Strauss-Kahn to make slander claim against accuser

DSK's lawyers will file a slander complaint against a writer who accuses the former IMF leader of sexual assault

Published July 4, 2011 4:44PM (EDT)

Former International Monetary Fund leader Dominique Strauss-Kahn leaves his temporary residence in Tribeca, Saturday, July 2, 2011, in New York.  A judge released him Friday without bail or home confinement in the sexual assault case against him after prosecutors acknowledged serious questions about the credibility of the hotel maid who accused him of sexual assault. The criminal case against him stands. (AP Photo/John Minchillo) (AP)
Former International Monetary Fund leader Dominique Strauss-Kahn leaves his temporary residence in Tribeca, Saturday, July 2, 2011, in New York. A judge released him Friday without bail or home confinement in the sexual assault case against him after prosecutors acknowledged serious questions about the credibility of the hotel maid who accused him of sexual assault. The criminal case against him stands. (AP Photo/John Minchillo) (AP)

Lawyers for Dominique Strauss-Kahn say they will file a slander complaint against a writer who accuses the former International Monetary Fund head of sexually assaulting her in 2002.

Tristane Banon, 31, says she plans to file a criminal complaint Tuesday accusing Strauss-Kahn of trying to rape her in 2002.

Strauss-Kahn's lawyers say in a statement Monday that Strauss-Kahn "has always said that the incident described by Ms Banon since 2007 is imaginary."

THIS IS A BREAKING NEWS UPDATE. Check back soon for further information. AP's earlier story is below.

PARIS (AP) -- A French novelist will file a complaint on Tuesday accusing Dominique Strauss-Kahn of attempted rape, her lawyer said, raising the prospect of a new sex assault investigation starting just as the U.S. case against the former International Monetary Fund chief falters.

The announcement threw Strauss-Kahn's legal situation in his home country into question, and injected fresh uncertainty into a national debate about whether he will be able to return to his political career and enter the 2012 presidential race.

A sexual assault case against Strauss-Kahn in New York was badly weakened last week by prosecutors' publicly expressing doubts about the credibility of the hotel maid who accused him of forcing her to perform oral sex.

As a result, France was consumed Monday morning by the question of whether the longtime Socialist Party politician would -- or should -- revive his dream of running against unpopular conservative President Nicolas Sarkozy.

Strauss-Kahn's supporters suffered a new shock within hours, when the lawyer for writer and journalist Tristane Banon announced she planned to file the complaint in Paris within a day.

Banon, 31, said on a 2007 television show that she had been attacked five years earlier by a politician she had interviewed for a book.

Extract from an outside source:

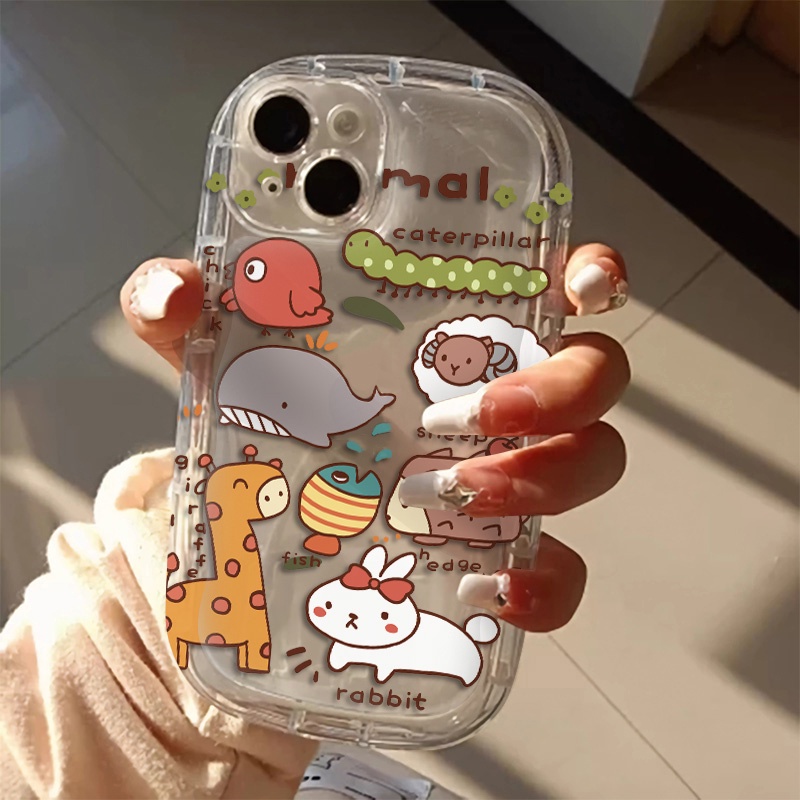 IPHONE Casing Hewan Lucu Kompatibel Untuk Iphone14 13 12 11 Pro Max XS X Xr8 +7Plus Casing Ponsel Silikon Lembut Shockproof Transparan Cover Cell Precticer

She later identified the man as Strauss-Kahn.

"It finished very violently," she said on the television show. "I kicked him. He opened my bra. He tried to undo my jeans. It finished very badly."

Lawyer David Koubbi said Banon had been dissuaded from filing charges by her mother, a regional councilor in Strauss-Kahn's Socialist party. Her mother, Anne Mansouret, admitted in a French television interview in May that she had urged her daughter not to file a complaint after the incident.

Banon came forward again after Strauss-Kahn's May 14 arrest in New York, but Koubbi said his client had no intention of pressing charges while the American prosecution was going on because the two cases should be kept separate.

Banon is now moving forward, Koubbi told The Associated Press. He denied that decision was connected to the weakening of the U.S. case.

"It is all the same to me what happens in the hours and days to come in the United States," he said.

Mansouret, a regional official in Normandy, did not respond to requests for comment.

If Banon files her complaint, a prosecutor can conduct a preliminary investigation to determine if there is enough evidence to support charges against Strauss-Kahn. Preliminary charges are followed by a lengthier investigation, sometimes lasting years, to determine if the case should go to trial before a judge.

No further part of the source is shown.